We use PLU a lot---as we did to describe our new friends last night. PLU has nothing to do with their color or socioeconomic level or education. Instead it has to do with how comfortable we felt with them, how easily the conversation flowed, how many experiences and interests we shared, and whether we wished the evening could last longer. As it turned out, we overstayed our welcome in the small Japanese restaurant. We were talking so intently that we didn't notice that we were the last customers and the staff had begun sweeping up. We apologize, Sakura!

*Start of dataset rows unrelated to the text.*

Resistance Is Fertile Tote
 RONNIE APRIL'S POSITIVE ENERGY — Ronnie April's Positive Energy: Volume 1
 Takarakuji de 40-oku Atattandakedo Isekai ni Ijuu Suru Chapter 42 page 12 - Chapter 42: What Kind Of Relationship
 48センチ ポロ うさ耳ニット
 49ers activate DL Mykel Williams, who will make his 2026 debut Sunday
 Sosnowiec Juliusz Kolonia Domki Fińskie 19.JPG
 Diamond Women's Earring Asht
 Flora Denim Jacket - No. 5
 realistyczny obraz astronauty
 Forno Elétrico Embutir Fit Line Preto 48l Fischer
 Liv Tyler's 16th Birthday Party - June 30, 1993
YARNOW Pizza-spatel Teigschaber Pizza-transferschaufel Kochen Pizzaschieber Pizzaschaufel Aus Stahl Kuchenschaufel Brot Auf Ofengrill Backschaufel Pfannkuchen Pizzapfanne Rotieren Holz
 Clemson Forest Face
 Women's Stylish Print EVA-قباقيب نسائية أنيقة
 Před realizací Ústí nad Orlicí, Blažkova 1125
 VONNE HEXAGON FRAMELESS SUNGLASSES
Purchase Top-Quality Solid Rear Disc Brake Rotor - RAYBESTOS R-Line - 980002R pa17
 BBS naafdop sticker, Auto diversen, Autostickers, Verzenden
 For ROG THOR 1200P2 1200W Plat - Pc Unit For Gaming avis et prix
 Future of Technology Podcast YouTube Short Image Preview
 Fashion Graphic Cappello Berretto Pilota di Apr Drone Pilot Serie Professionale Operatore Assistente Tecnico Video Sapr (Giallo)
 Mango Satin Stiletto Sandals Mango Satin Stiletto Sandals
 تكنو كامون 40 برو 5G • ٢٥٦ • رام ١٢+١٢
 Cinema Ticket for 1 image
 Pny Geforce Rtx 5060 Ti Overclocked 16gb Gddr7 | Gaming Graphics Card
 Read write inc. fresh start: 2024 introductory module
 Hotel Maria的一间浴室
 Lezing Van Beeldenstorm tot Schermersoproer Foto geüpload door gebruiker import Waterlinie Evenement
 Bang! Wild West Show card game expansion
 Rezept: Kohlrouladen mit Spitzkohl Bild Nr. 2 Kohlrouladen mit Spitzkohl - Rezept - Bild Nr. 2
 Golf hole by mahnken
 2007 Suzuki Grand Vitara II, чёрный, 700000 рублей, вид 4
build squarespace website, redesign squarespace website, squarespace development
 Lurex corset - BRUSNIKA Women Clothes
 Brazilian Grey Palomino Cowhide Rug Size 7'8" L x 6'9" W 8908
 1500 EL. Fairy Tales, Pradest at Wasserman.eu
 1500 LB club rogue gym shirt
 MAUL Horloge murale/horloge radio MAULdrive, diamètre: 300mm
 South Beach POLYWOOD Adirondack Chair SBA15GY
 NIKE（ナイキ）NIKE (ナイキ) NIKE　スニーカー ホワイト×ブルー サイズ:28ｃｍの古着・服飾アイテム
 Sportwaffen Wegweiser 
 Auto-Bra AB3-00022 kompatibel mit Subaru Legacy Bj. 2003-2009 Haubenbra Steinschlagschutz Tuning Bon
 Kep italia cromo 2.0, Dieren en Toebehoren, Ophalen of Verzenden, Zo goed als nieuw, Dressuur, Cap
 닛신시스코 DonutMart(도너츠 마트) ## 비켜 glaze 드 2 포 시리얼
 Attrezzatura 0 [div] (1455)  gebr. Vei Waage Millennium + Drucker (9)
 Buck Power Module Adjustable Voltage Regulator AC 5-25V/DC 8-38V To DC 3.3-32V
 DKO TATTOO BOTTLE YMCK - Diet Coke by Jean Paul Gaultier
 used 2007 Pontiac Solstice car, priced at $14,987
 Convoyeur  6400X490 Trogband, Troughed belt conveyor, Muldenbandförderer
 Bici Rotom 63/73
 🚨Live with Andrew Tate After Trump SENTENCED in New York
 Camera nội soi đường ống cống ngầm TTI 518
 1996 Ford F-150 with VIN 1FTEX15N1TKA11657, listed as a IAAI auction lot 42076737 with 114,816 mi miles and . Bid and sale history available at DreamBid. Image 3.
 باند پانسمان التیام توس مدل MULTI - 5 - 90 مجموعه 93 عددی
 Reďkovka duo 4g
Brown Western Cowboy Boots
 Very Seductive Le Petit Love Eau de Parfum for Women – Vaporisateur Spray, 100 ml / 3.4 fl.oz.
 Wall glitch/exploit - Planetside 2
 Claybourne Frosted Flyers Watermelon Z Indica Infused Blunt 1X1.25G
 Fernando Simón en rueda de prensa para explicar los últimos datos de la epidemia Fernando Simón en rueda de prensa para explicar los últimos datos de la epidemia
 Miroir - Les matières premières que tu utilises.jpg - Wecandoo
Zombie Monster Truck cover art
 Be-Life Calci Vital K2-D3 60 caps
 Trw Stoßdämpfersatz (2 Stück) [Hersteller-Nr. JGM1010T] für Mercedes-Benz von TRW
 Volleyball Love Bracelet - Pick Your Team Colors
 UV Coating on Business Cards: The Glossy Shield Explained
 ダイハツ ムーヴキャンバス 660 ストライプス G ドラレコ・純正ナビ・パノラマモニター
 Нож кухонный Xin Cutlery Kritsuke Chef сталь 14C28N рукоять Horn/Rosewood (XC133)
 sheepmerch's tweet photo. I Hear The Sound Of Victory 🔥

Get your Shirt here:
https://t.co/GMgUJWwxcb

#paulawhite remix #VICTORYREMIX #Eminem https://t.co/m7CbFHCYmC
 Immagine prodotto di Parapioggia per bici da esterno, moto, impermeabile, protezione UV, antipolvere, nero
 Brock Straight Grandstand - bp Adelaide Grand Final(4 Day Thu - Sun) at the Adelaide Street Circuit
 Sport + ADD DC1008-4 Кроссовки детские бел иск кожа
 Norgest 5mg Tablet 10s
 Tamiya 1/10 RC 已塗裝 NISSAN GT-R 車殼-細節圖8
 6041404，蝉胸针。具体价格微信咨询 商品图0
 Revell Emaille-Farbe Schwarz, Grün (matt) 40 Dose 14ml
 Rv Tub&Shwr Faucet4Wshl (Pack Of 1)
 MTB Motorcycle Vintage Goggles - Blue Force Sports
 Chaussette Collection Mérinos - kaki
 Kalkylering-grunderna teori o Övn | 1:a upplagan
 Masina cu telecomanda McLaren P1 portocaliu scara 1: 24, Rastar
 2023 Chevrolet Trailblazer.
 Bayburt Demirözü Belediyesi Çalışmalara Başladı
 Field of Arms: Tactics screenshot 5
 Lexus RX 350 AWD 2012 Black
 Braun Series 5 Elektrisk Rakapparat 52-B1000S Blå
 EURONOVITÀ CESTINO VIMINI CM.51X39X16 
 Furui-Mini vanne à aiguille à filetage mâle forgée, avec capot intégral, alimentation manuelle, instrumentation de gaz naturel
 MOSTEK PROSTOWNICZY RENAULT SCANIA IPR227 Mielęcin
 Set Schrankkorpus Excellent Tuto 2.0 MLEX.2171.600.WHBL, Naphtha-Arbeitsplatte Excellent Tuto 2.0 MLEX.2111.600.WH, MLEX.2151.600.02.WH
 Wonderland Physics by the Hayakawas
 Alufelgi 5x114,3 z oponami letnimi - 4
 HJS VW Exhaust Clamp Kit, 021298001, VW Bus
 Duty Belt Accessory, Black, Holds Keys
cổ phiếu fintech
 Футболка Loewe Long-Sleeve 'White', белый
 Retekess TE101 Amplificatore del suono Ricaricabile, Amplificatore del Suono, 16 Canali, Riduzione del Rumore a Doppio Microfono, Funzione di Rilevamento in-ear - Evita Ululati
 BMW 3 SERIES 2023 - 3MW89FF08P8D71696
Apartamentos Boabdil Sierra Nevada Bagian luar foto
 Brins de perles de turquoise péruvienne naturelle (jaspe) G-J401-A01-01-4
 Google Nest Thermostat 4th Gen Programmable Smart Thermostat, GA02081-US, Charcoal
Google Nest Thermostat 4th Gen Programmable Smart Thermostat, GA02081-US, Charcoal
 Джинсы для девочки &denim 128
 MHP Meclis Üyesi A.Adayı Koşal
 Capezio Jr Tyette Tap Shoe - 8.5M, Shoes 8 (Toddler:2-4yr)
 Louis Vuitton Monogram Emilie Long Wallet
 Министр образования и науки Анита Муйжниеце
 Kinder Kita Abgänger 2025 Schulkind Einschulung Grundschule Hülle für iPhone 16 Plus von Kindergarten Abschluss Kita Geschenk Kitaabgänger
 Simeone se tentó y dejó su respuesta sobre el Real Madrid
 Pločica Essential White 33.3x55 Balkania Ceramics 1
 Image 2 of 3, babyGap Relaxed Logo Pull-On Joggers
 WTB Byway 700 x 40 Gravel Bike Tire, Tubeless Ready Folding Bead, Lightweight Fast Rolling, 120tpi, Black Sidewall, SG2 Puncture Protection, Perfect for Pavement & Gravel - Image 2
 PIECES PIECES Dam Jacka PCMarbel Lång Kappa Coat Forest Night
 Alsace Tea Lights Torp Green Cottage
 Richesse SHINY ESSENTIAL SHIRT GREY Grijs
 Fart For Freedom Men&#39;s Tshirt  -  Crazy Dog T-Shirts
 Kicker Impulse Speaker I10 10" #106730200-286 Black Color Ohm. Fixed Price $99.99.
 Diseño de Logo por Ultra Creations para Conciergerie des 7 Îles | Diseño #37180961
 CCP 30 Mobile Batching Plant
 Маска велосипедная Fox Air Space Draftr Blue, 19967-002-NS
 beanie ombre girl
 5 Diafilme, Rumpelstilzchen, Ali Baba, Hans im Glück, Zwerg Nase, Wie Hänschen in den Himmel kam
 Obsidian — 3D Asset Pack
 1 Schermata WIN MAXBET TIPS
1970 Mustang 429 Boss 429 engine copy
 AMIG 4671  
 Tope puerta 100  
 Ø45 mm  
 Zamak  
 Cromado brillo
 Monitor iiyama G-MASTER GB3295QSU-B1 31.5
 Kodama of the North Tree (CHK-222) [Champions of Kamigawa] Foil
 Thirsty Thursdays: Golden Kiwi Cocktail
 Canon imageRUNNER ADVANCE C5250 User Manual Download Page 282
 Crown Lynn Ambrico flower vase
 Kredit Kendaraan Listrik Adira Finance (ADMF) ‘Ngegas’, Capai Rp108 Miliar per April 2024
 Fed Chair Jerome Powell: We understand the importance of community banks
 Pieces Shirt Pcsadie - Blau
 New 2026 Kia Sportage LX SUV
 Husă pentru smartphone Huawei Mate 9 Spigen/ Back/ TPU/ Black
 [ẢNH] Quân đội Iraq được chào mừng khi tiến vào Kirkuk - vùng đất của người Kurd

We enjoy meeting new PLUs!

Wednesday, August 27, 2008

Black Raspberry, Tar, and Earthiness

Wine tasting was a big part of our Napa trip. Of course it would be. The valley was dotted with acres and acres of grape vines that were loaded with luscious fruits ready to be picked. And in the caves at each vineyard the old oak barrels held even older wines just waiting for their debut. We tasted many. At each winery, we sampled four to six wines. My favorite was the Von Strasser Winery, and there we sampled, among others, the Von Strasser Sori Bricco Cabernet 2005. The steward assisted us with tasting notes. The notes for the Sori Bricco: "the wine is extremely dark and extracted with tremendous depth and concentration. The aromas are of coffee, black fruit, licorice, chocolate, and eucalyptus. Very chewy and viscous on the palate, with flavors of black raspberry, tar and earthiness with a long and impeccably balanced finish."

Did I taste those flavors? Did I catch that hint of eucalyptus? Could I identify the licorice? Could I articulate the sensations on the back of the tongue or describe the delicate finish? Not a chance. But did I enjoy the wines? You bet!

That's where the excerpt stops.